**What you will do:** Only the lines from the line containing "Marta Bingo Card" through the final line of the entries should be printed, exactly as given, with the pictures left out.

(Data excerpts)
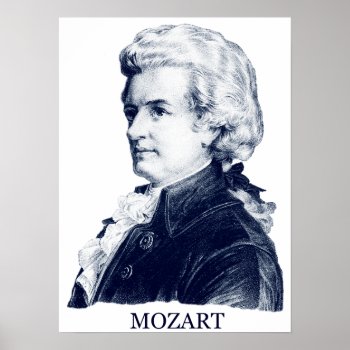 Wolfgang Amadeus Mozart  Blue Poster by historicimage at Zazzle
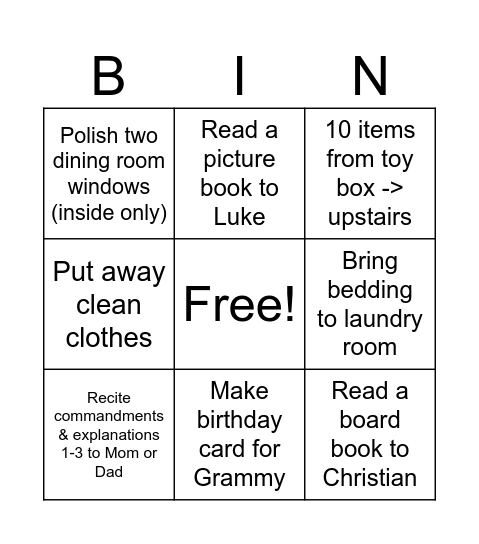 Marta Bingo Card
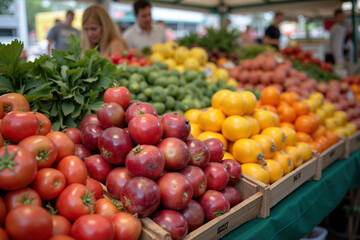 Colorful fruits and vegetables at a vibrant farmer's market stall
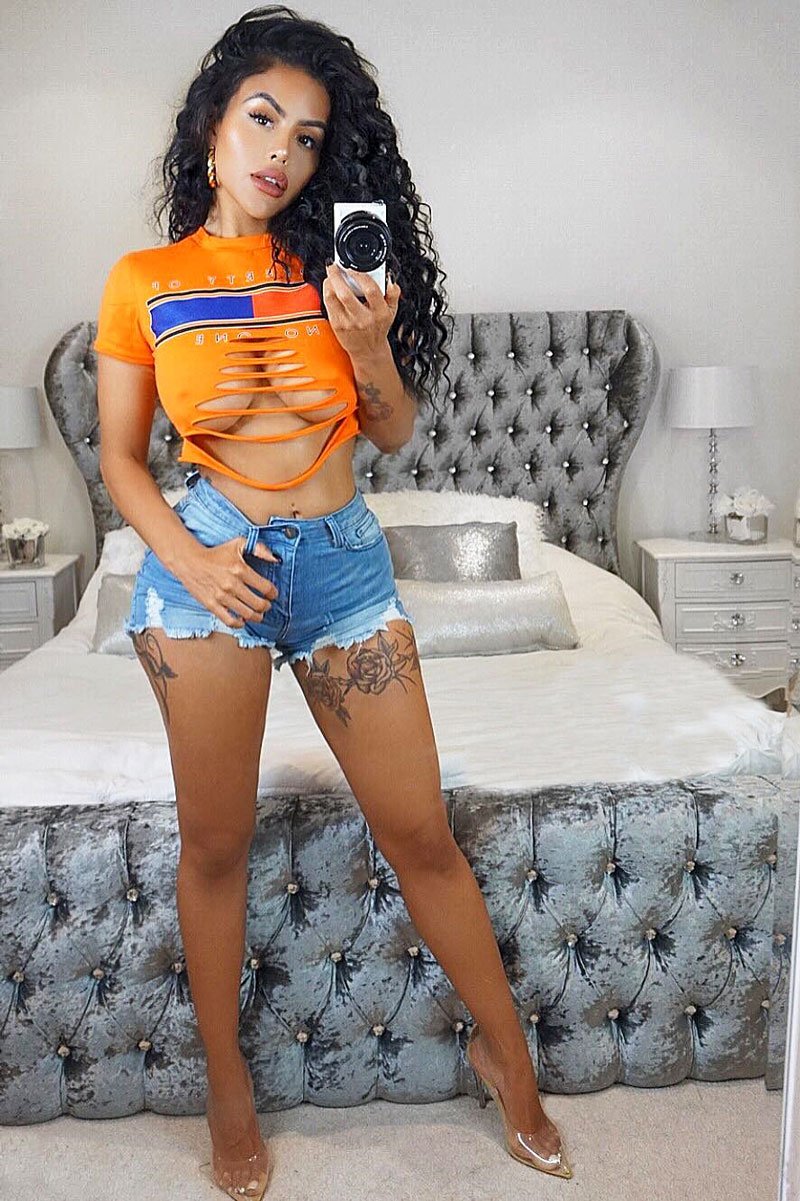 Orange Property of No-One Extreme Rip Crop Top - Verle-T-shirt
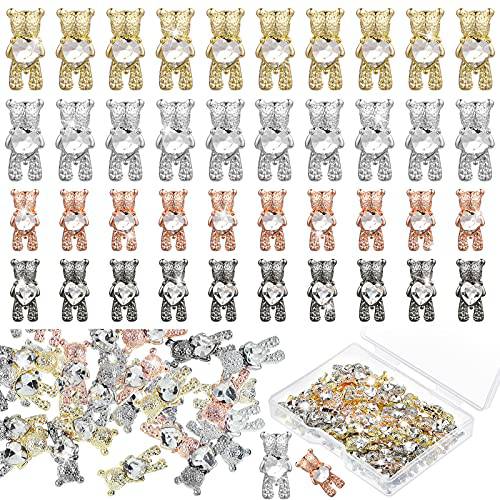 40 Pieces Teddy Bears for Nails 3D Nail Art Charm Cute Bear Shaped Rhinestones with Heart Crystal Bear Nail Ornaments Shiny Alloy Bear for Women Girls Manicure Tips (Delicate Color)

**Result of the task:**
 Marta Bingo Card
 Colorful fruits and vegetables at a vibrant farmer's market stall
 Orange Property of No-One Extreme Rip Crop Top - Verle-T-shirt
 40 Pieces Teddy Bears for Nails 3D Nail Art Charm Cute Bear Shaped Rhinestones with Heart Crystal Bear Nail Ornaments Shiny Alloy Bear for Women Girls Manicure Tips (Delicate Color)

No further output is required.